Landslide monitoring through ERI is likely to become more pervasive in coming decades, as the method is suitable for long-term applications and provides volumetric estimations of hydrological parameters that complement more conventional point sensors. However, accurate modelling of the electrical potential field requires a good understanding of the slope geomorphology, which as demonstrated here is subject to slope movements if the landslide is active. Previous papers (Uhlemann et al. 2015; Wilkinson et al. 2016) have addressed modelling electrode movements in ERI inversion, whilst this study proposes a methodology that fully incorporate landslide kinematics (S1) into the inversion workflow.

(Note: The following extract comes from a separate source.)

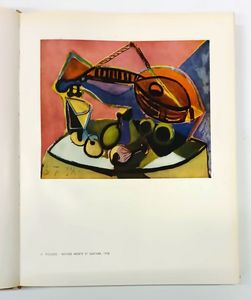 Lotto di 8 opere di arte moderna.  - Asta Libri, manoscritti e riviste [ASTA A TEMPO] - Associazione Nazionale - Case d'Asta italiane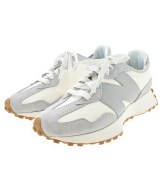 New Balance（ニューバランス）スニーカー 白 サイズ:24.5cm レディース/2200620391016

Time series ERI volumes (S2) capture the changes in slope topography, necessary for avoiding imaging artefacts, and electrical resistivity. Variations in the latter can be reasonably explained by seasonal fluctuations in moisture content observed at Hollin Hill (Uhlemann et al. 2017). Although the 4D ERI data were processed with baseline constrained inversion scheme, reasonable time-lapse results were achieved for the majority of time-steps. Higher χ2 values associated with inversions where the electrode coordinates or topography are not updated demonstrate that the inversion workflow described here (Fig. 3) improves the quality of inverted results and is necessary for reliable hydrological interpretation of time-lapse ERI volumes; hence, establishing a framework (and corresponding algorithms) for processing (hydro) geophysical datasets resulting from long-term monitoring solutions on active landslides.

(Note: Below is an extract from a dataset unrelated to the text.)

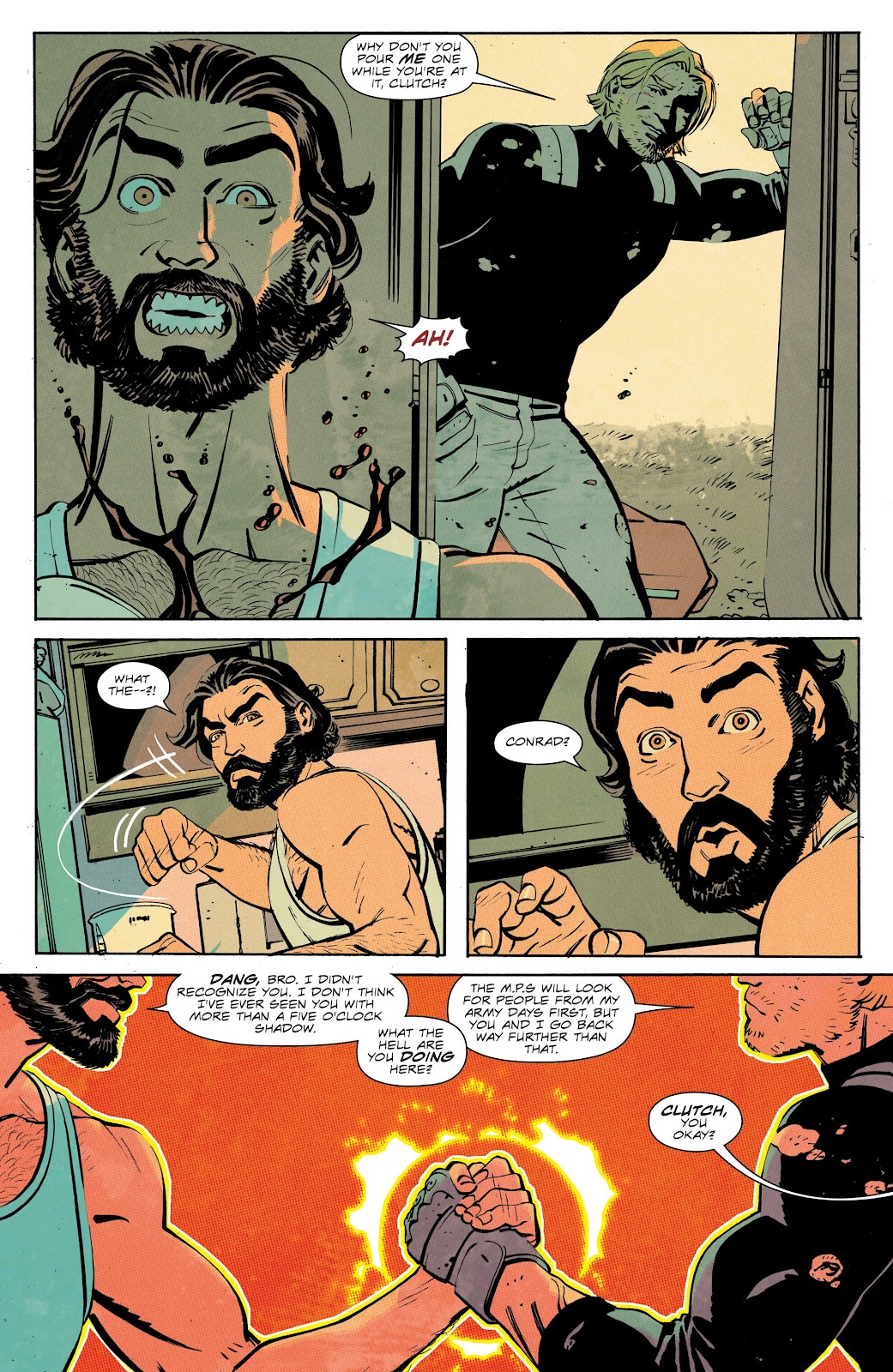 Duke issue 2 - Page 5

Relationships between electrical resistivity and soil moisture are well-documented; hence, geoelectrical model time series can be interpreted in terms of hydro-mechanical parameters through petrophysical calibrations. Furthermore, linking between relevant weather data, petrophysical relationships, ERI data and landslide kinematics (through the framework proposed here) could be used as forcing datasets inside of a coupled hydrological modelling and ERI approach. This is a crucial step forward for developing geoelectrical landslide monitoring techniques and anticipating potential failure events.